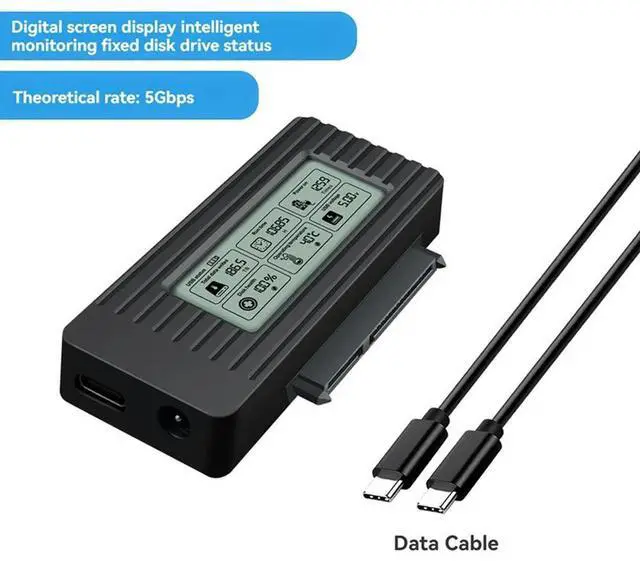 Main image of Shuole USB C To SATA IDE Hard Disk Adapter Converter Cable For 3.5 2.5 Inch HDD/SSD SATA III Hard Drive Adapter For PC La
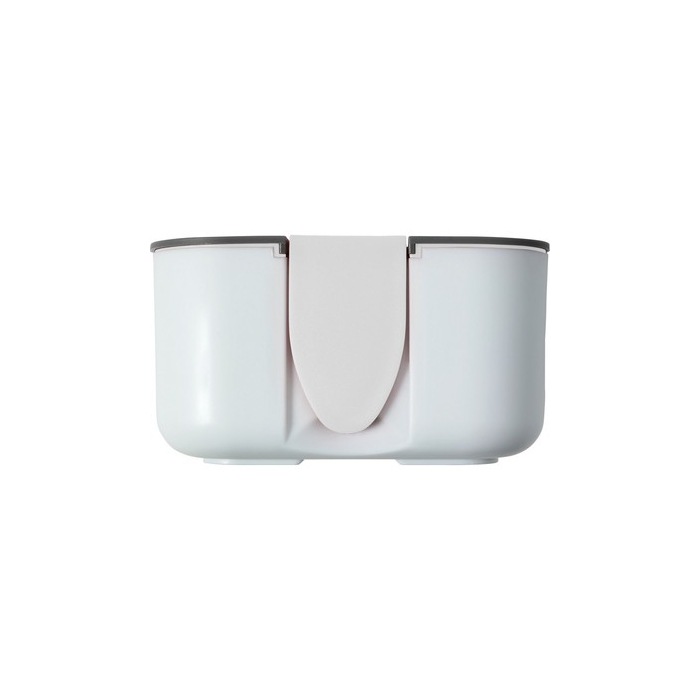 Pudełko śniadaniowe 850 ml, stojak na telefon biały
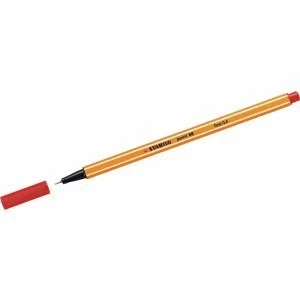 Abbildung von STABILO point 88 rot Stift Ende Stifte dünner (rot, orange, rot, 0,4 mm)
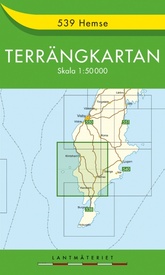 Wandelkaart - Topografische kaart 539 Terrängkartan Hemse | Lantmäteriet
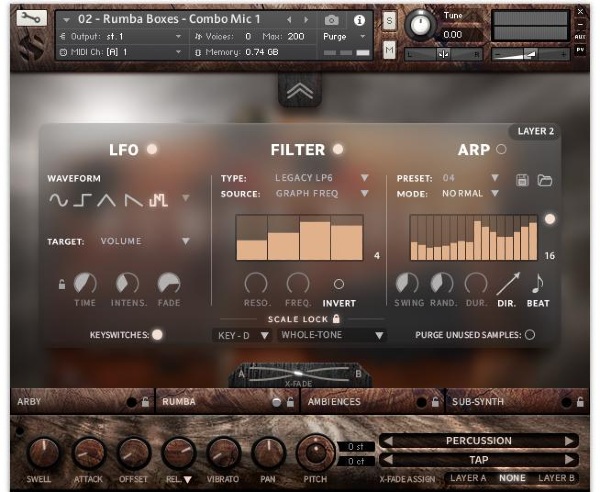 Hopkin Instrumentarium: Rumba Boxes - Arp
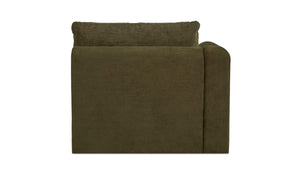 Swift Left Arm Facing Chair Dark Green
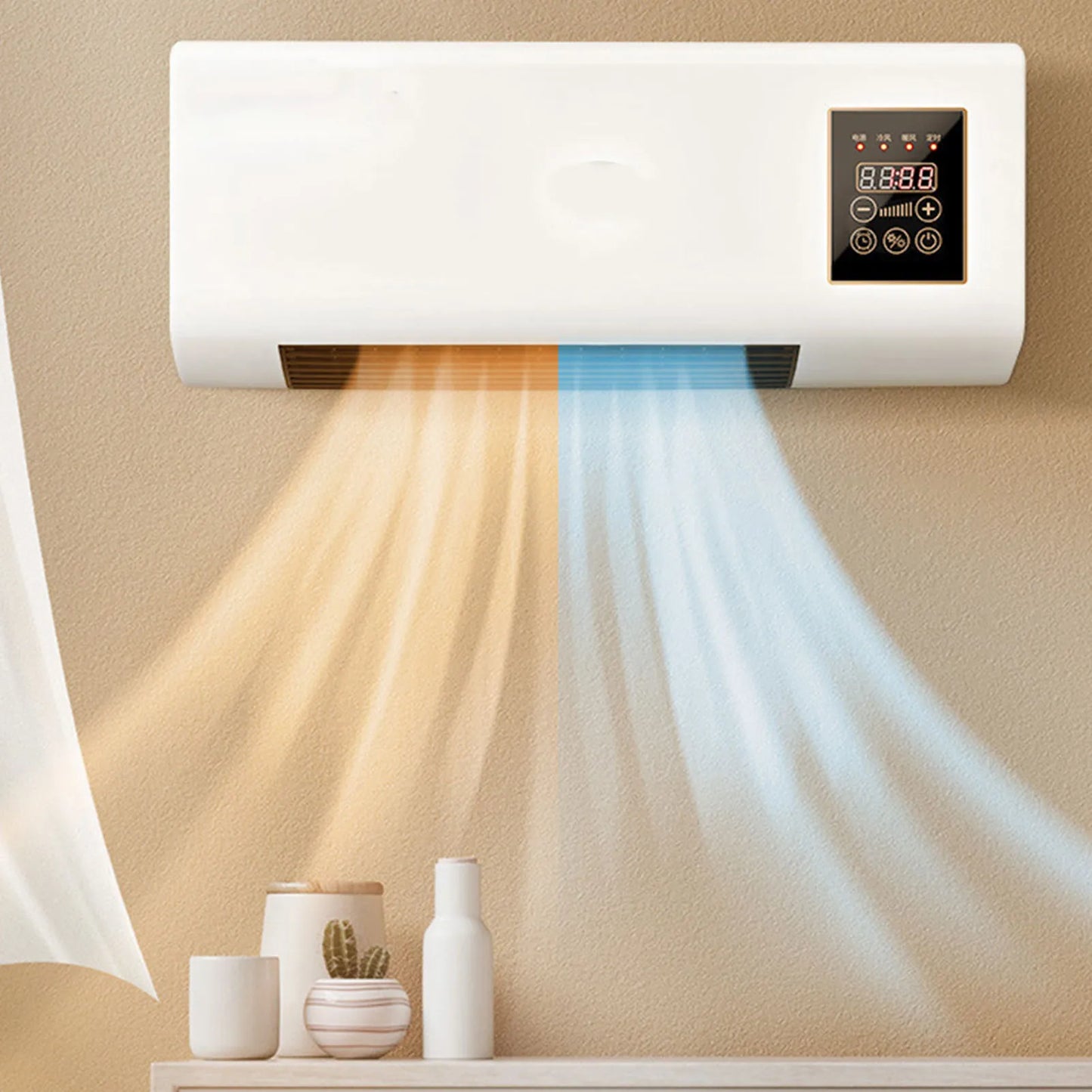 2 in 1 Air Conditioner 1800W Cool Warm Dual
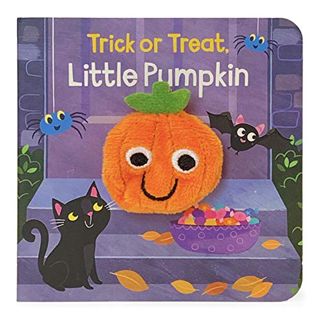 [Access] [EBOOK EPUB KINDLE PDF] Trick Or Treat Little Pumpkin Finger Puppet Halloween Board Book Ag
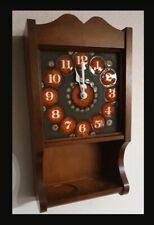 Retro Wanduhr Küche Laufen Suisse Fliese Eiche Holz Quarzlaufwerk *Midcentury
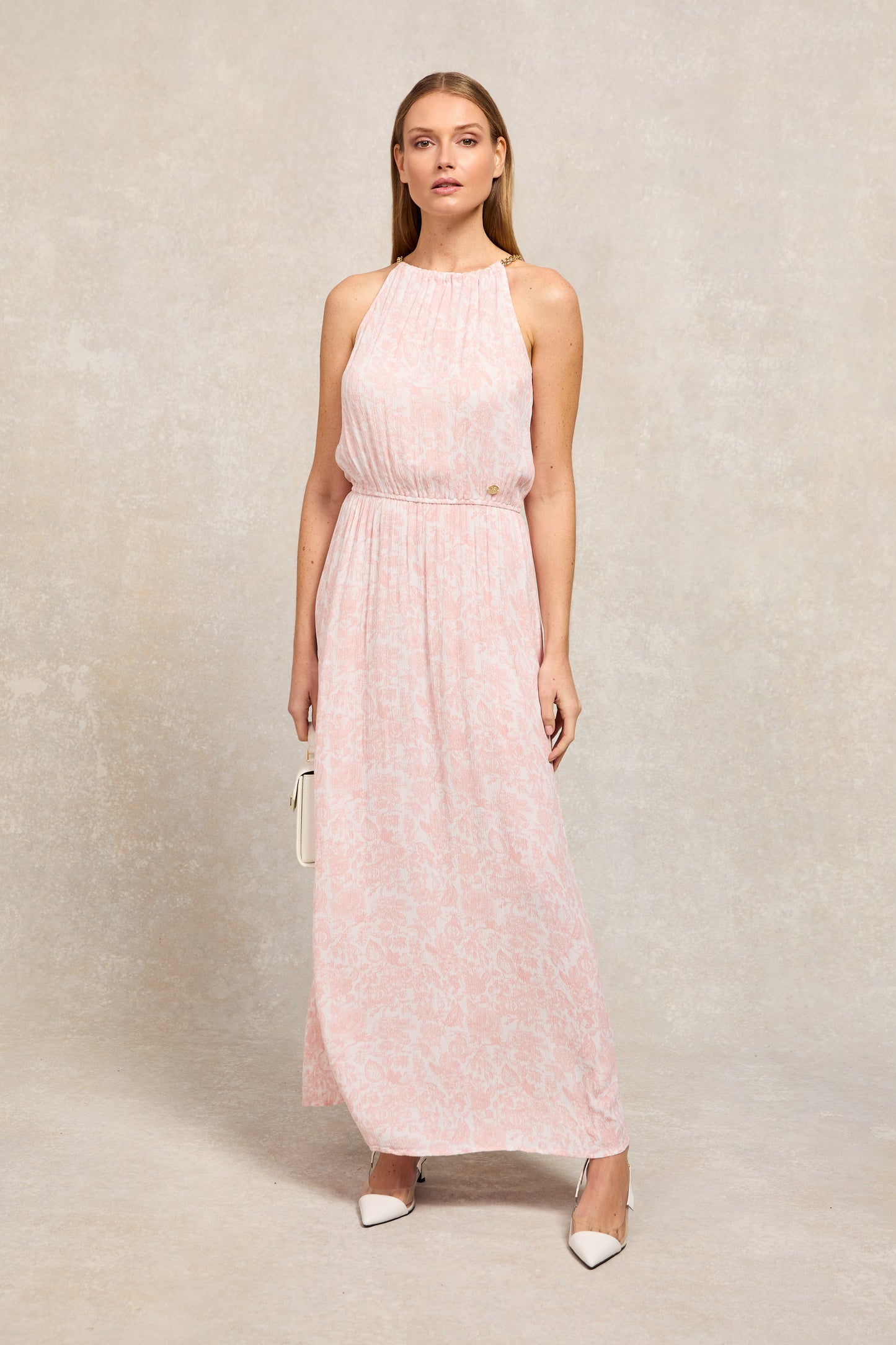 Paloma Maxi Dress (Willow Pink)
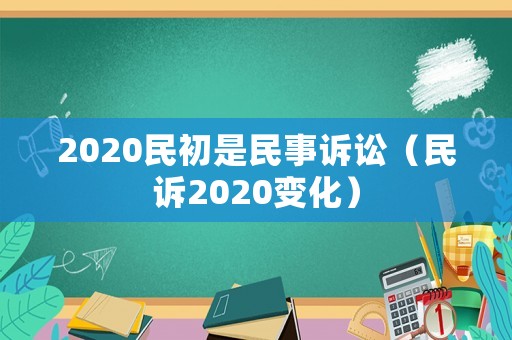 2020民初是民事訴訟（民訴2020變化）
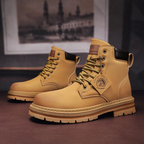 Miles - Comfortabele Leren Veterboots Heren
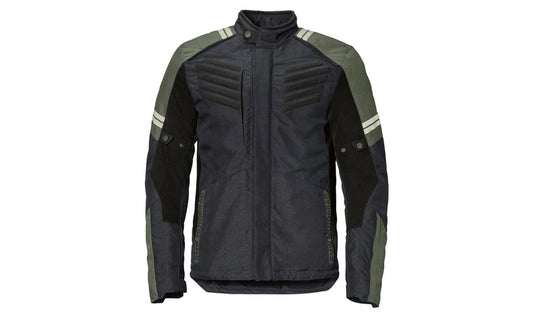 Chaqueta Reschen GORE-TEX azul-gris talla 56 OEM 76117913402 para BMW Motorrad. Original BMW Motorrad.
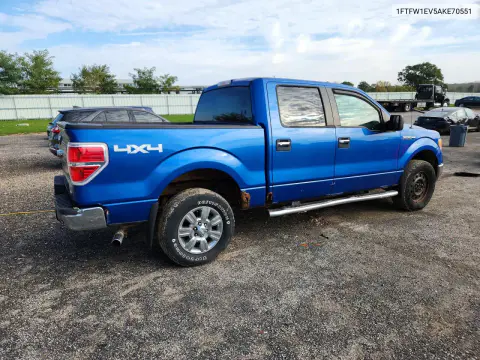 2010 Ford F150 Supercrew VIN 1FTFW1EV5AKE70551 фото 3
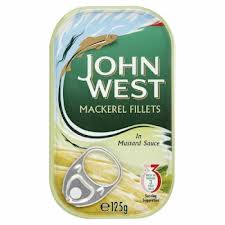 John West Mackerel Fillets In Mustard Sauce 125 g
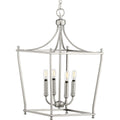 PROGRESS LIGHTING P500214-009 Brushed Nickel Parkhurst Collection Brushed Nickel Four-Light Foyer
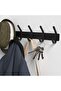 Wall hooks - Aluminum towel hooks - C-shaped - 5 hooks per pack - 3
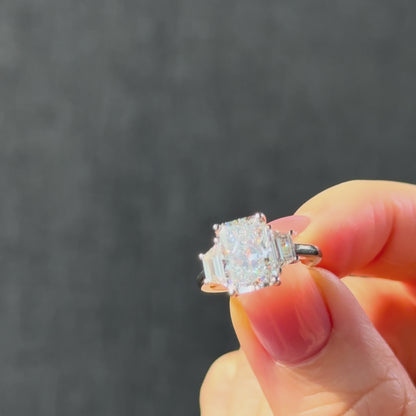 Classic Radiant and Trapezoids - 3ct+ (10mm+, D/E & VVS)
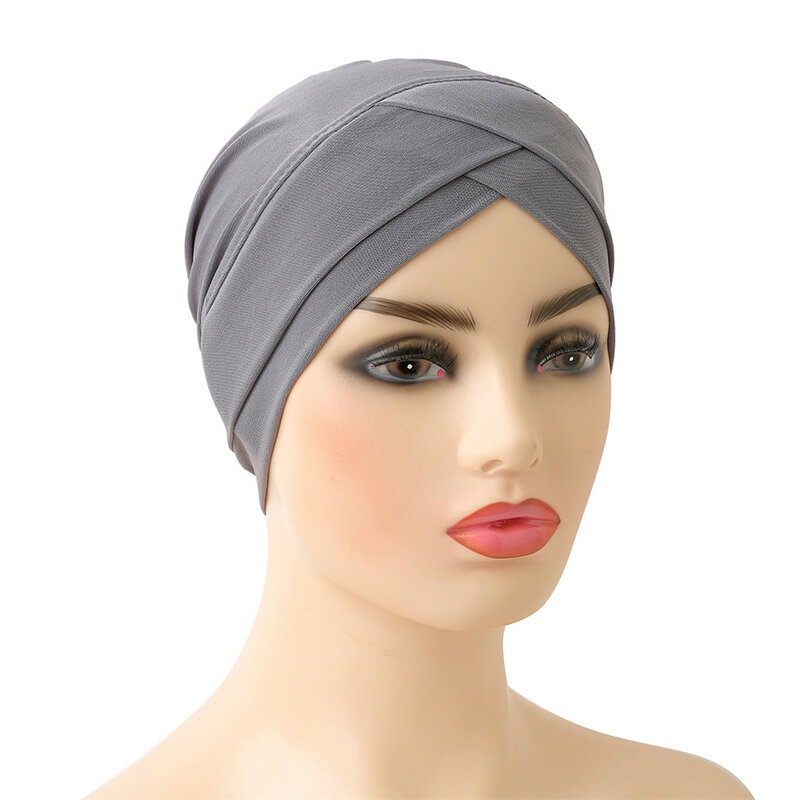 Moslim Vrouwen Hijab Tulband Effen Kleur Chmeo Cap Hoed Islamitische Hoofddoek Wrap Arabische Beanie Bonnet Haaruitval Cover Stretch hoofddoek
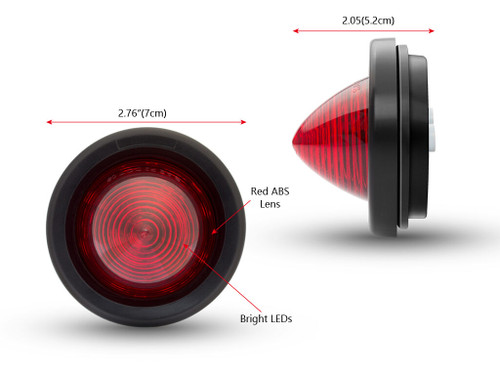 2" Motorbike Tail Light + Stop Light LED Cafe Racer Or Classic Retro bikes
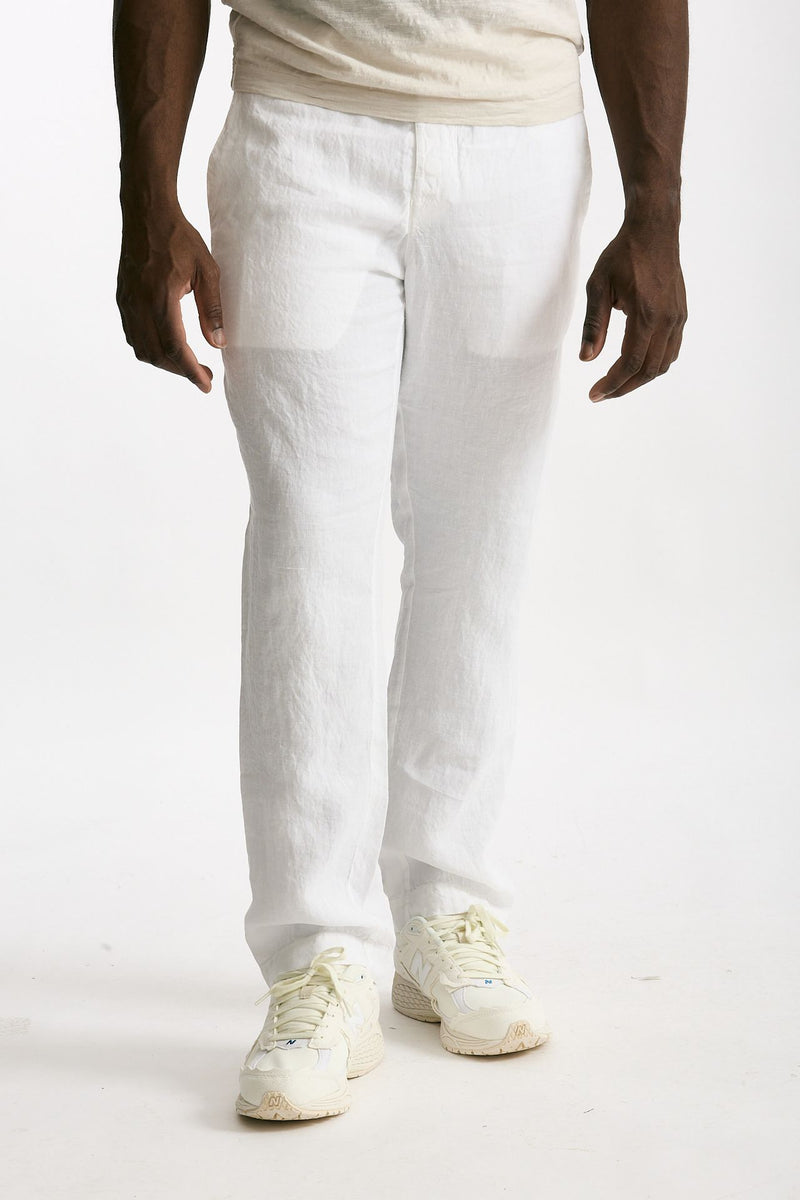 Pantalone in lino bianco uomo Transit uomo - 2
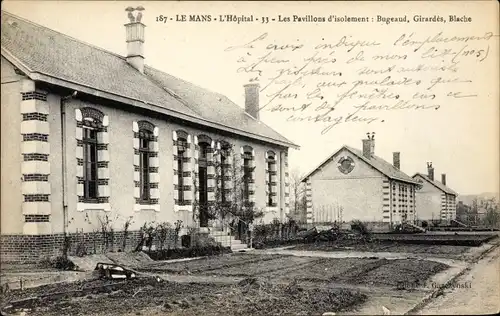 Ak Le Mans Sarthe, Hopital, les Pavillons d'isolement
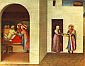 UZDROWIENIE PALLADII przez św. KOSMĘ i DAMIANA: ANGELICO, Fra (ok. 1400, Vicchio nell Mugello - 1455, Rzym), 1438-40, tempera na desce, 36.5x46.5cm, National Gallery of Art, Waszyngton; źródło: www.wga.hu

——————————

Without any pictures, reproduce the lines from the first one in the material through the line that has "Miles - Comfortabele Leren Veterboots Heren", exactly as they appear.

#### Your response
 Main image of Shuole USB C To SATA IDE Hard Disk Adapter Converter Cable For 3.5 2.5 Inch HDD/SSD SATA III Hard Drive Adapter For PC La
 Pudełko śniadaniowe 850 ml, stojak na telefon biały
 Abbildung von STABILO point 88 rot Stift Ende Stifte dünner (rot, orange, rot, 0,4 mm)
 Wandelkaart - Topografische kaart 539 Terrängkartan Hemse | Lantmäteriet
 Hopkin Instrumentarium: Rumba Boxes - Arp
 Swift Left Arm Facing Chair Dark Green
 2 in 1 Air Conditioner 1800W Cool Warm Dual
 [Access] [EBOOK EPUB KINDLE PDF] Trick Or Treat Little Pumpkin Finger Puppet Halloween Board Book Ag
 Retro Wanduhr Küche Laufen Suisse Fliese Eiche Holz Quarzlaufwerk *Midcentury
 Paloma Maxi Dress (Willow Pink)
 2020民初是民事訴訟（民訴2020變化）
 Miles - Comfortabele Leren Veterboots Heren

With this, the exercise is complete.